TASK DIRECTIONS -
Copy word for word the lines of the records below, beginning at the one with "Th cells are" and finishing at the one with "Open access visualization", ends included, but none of the pictures.

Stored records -
= Beginning of Section =

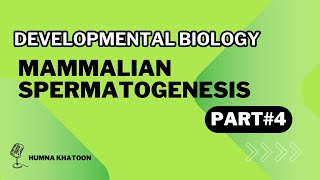 Mamalian spermatogenesis part 4  By Hamna Khatoon [upl. by Clementina]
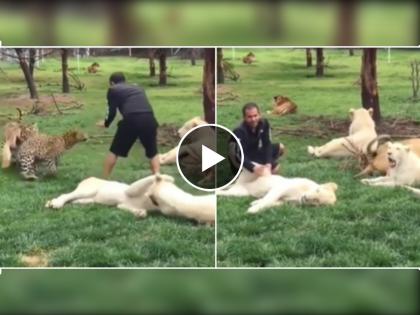 leopard attacks man while playing with lion tiger saves him video goes viral on social media | सिंहासोबत होता खेळत...इतक्यात बिबट्याने चढवला हल्ला पण वाघाने वाचवले, पाहा हा व्हिडिओ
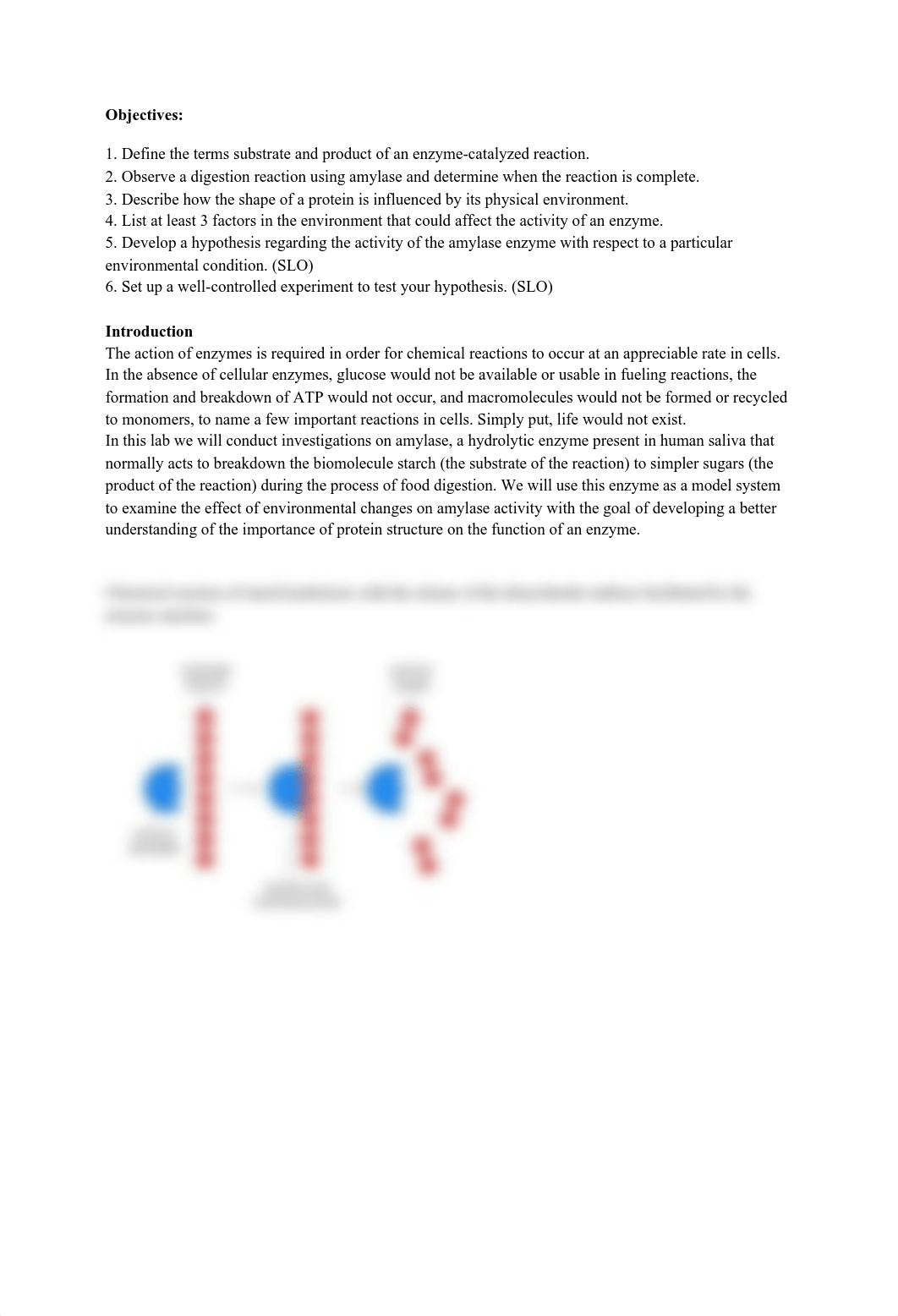 Enzyme Lab  (4).pdf_d4fzfp2a6ka_page2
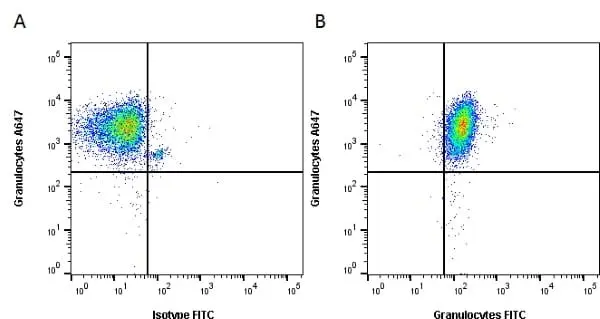 Anti Pig Granulocytes Antibody, clone 2B2 gallery image 3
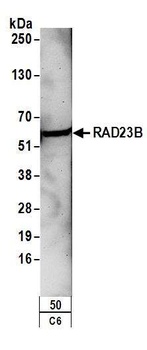 Rabbit anti-RAD23B Antibody, Affinity Purified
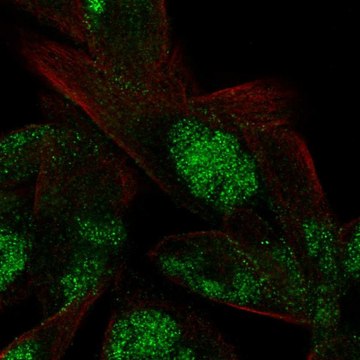 Anti-VWA5A antibody produced in rabbit Prestige Antibodies&#174; Powered by Atlas Antibodies, affinity isolated antibody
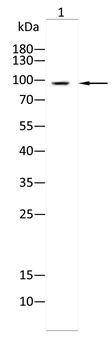 MRTFA Antibody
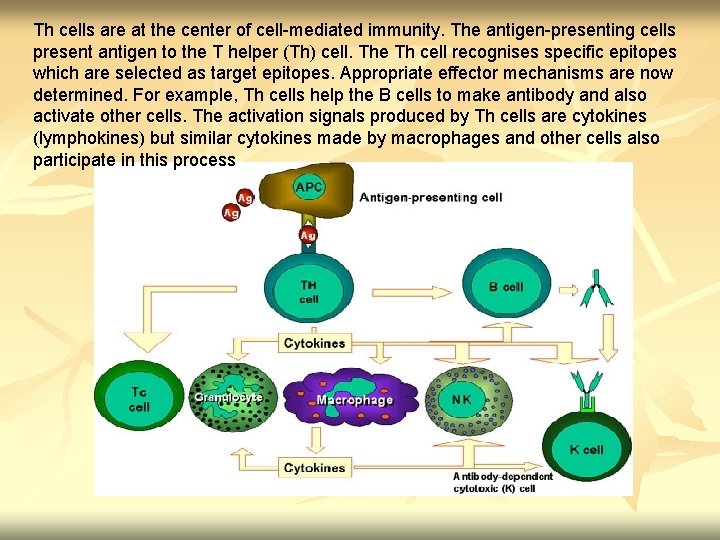 Th cells are at the center of cell-mediated immunity. The antigen-presenting cells present antigen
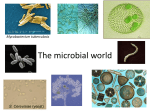 Lab introduction: The Microbial World and Metagenomics
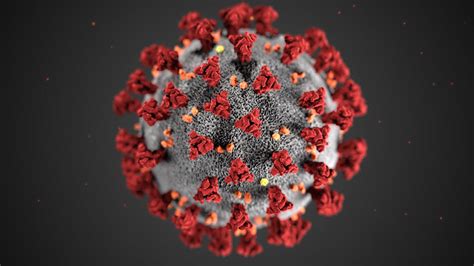 The latest tweets from corona (@corona). City of Arlington Response on the Coronavirus | Arlington Public Library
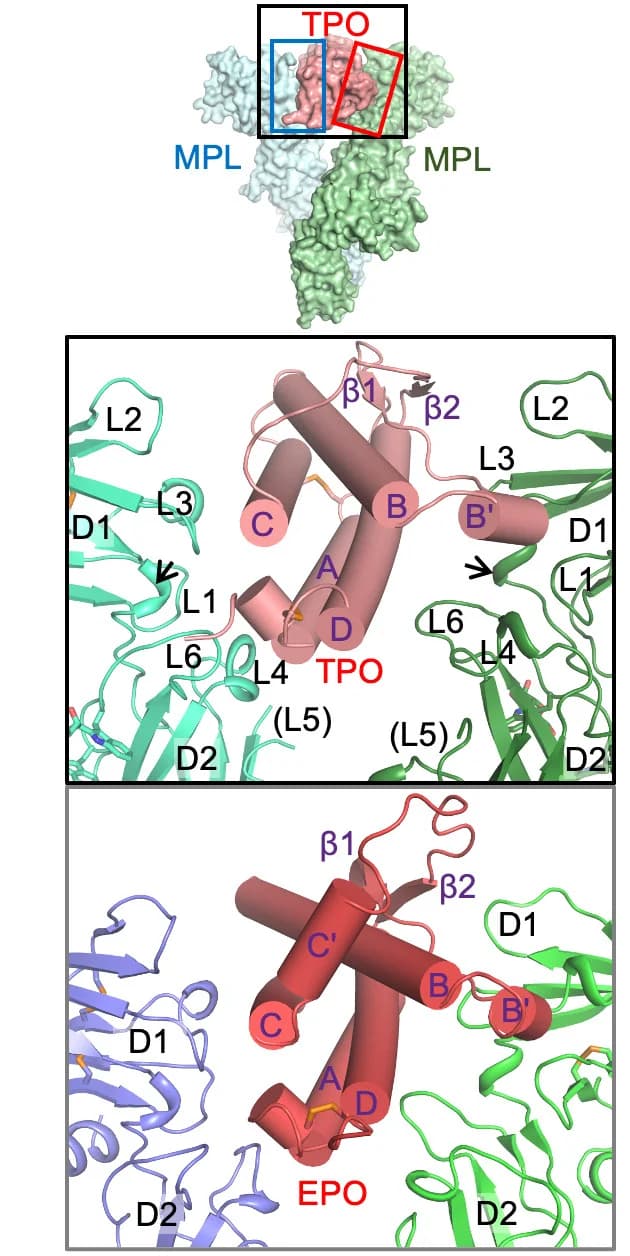 Open access visualization of Protein Structure, Cytokine Binding, TPO-2xMPL Complex, EPO-2xEpoR Complex, Alpha Helices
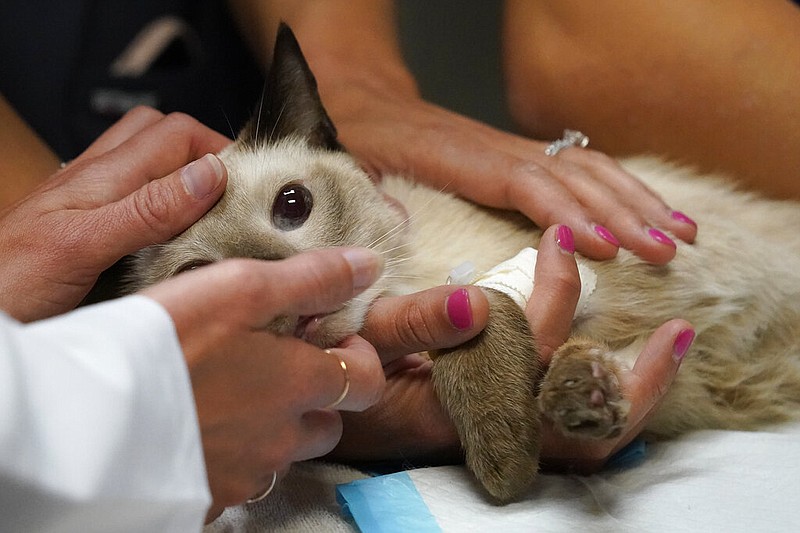 Veterinary personnel keep a cat named Miller calm as he has blood drawn for a virus test at Veterinary Specialty Hospital of Palm Beach Gardens in Palm Beach Gardens, Fla., in this April 12, 2021, file photo. (AP/Wilfredo Lee)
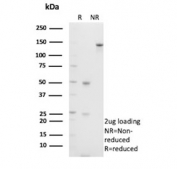 SDS-PAGE analysis of purified, BSA-free S100A4 antibody (clone S100A4/6802) as confirmation of integrity and purity.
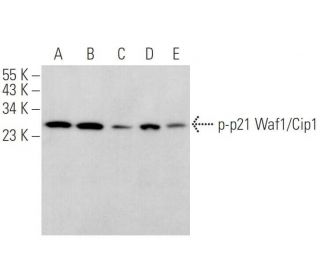 western blotting image from recommended p-Waf1/Cip1/CDKN1A p21 (D-4) monoclonal antibody replacement. Image 375523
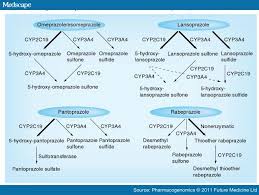 Update On The Pharmacogenomics Of Proton Pump Inhibitors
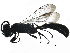  ( - BIOUG14330-H02)  @13 [ ] CreativeCommons - Attribution (2016) CBG Photography Group Centre for Biodiversity Genomics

= End of Section =

SOLUTION -
 Th cells are at the center of cell-mediated immunity. The antigen-presenting cells present antigen
 Lab introduction: The Microbial World and Metagenomics
 The latest tweets from corona (@corona). City of Arlington Response on the Coronavirus | Arlington Public Library
 Open access visualization of Protein Structure, Cytokine Binding, TPO-2xMPL Complex, EPO-2xEpoR Complex, Alpha Helices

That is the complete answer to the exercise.